After you have configured the module parameters, you must pass the untrained model to the Train Clustering Model or the Sweep Clustering modules to train the model on a set of input data that you provide.
Because the K-means algorithm is an unsupervised learning method, the data you use to train the model does not need a label column. In other words, you don’t need to know any of the cluster categories in advance; the algorithm will find possible categories based solely on the data.
If your training data already has labels, you can use one of the supervised classification methods provided in Azure Machine Learning. Or, you can use the label values to guide selection of the clusters.

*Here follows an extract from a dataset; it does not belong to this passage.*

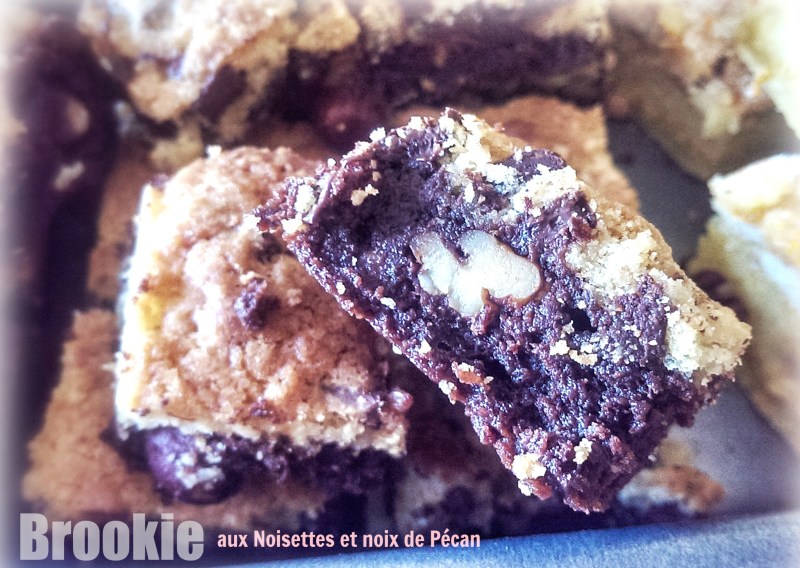 Brookie aux noisettes et noix de Pécan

In general, clustering uses iterative techniques to group cases in a dataset into clusters that contain similar characteristics. These groupings are useful for exploring data, identifying anomalies in the data, and eventually for making predictions. Clustering models also can help you identify relationships in a dataset that you might not logically derive by browsing or simple observation.
For these reasons, clustering is often used in the early phases of machine learning tasks, to explore the data and discover unexpected correlations.

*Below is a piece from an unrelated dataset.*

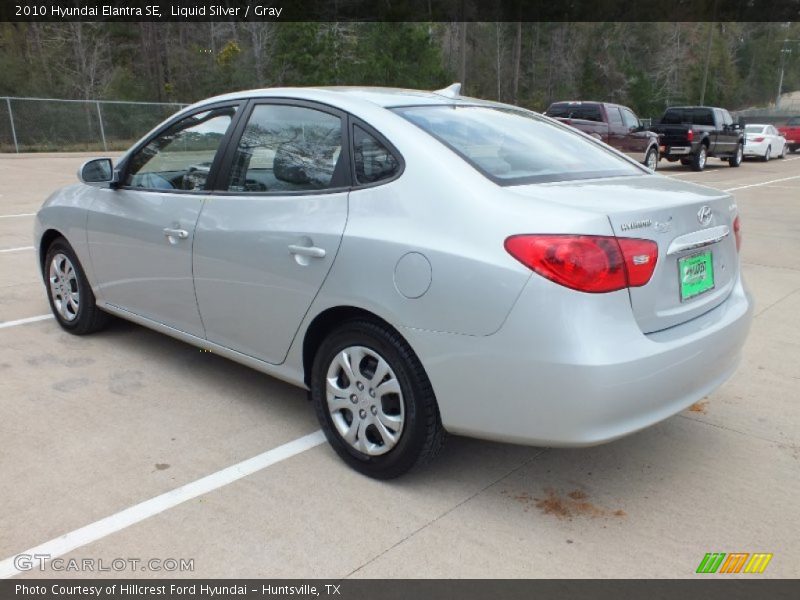 Liquid Silver / Gray 2010 Hyundai Elantra SE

When you configure a clustering model using the k-means method, you must specify a target number k indicating the number of centroids you want in the model. The centroid is a point that is representative of each cluster. The K-means algorithm assigns each incoming data point to one of the clusters by minimizing the within-cluster sum of squares.
The K-means algorithm begins with an initial set of centroids, which are like central starting points for each cluster, and then uses Lloyd's algorithm to iteratively refine the locations of the centroids. The K-means algorithm stops building and refining clusters when it meets one or more of these conditions:
The centroids stabilize, meaning that cluster assignments for individual points no longer change and the algorithm has converged on a solution.
The algorithm completed running the specified number of iterations.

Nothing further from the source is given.